Les missions de découverte sont plafonnées à 500 millions de dollars, hors coûts du lanceur et des opérations de la mission. Les deux nouvelles missions Vénus seront lancées entre 2028 et 2030 et réaliseront des démonstrations technologiques ainsi que les principaux composants scientifiques, la NASA dit dans un communiqué de presse.

VERITAS accueillera la Deep Space Atomic Clock-2, successeur de technologie similaire qui a lancé en orbite terrestre en juin 2019. « Le signal d’horloge ultra-précis généré avec cette technologie aidera à terme à permettre des manœuvres autonomes d’engins spatiaux et à améliorer les observations scientifiques radio », a déclaré la NASA.

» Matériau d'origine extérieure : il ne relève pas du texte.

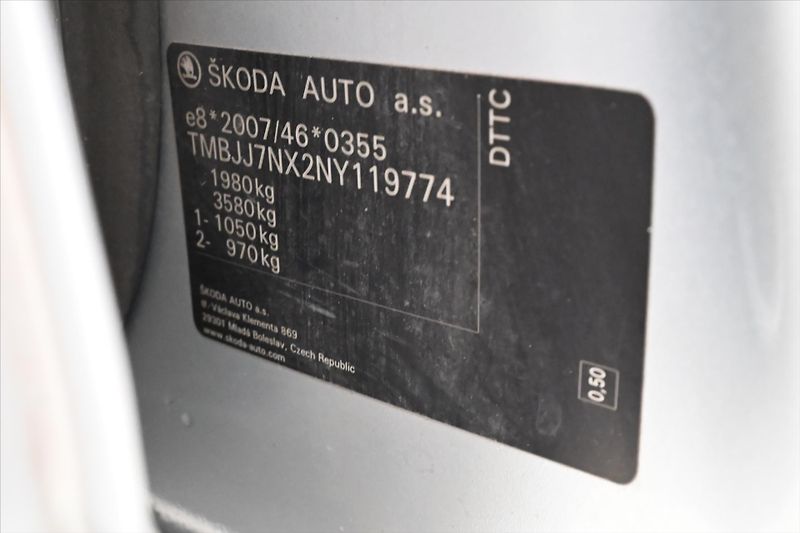 Škoda Octavia 2,0 TDI 110kW DSG Ambition Zár - fotka 10 z 24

DAVINCI + hébergera le spectromètre d’imagerie compact ultraviolet à visible (CUVIS), a ajouté l’agence, qui effectuera des mesures haute résolution de la lumière ultraviolette à l’aide d’un nouvel instrument basé sur l’optique de forme libre », ont écrit les responsables de la NASA. « Ces observations seront utilisées pour déterminer le nature de l’absorbeur ultraviolet inconnu dans l’atmosphère de Vénus qui absorbe jusqu’à la moitié de l’énergie solaire entrante. »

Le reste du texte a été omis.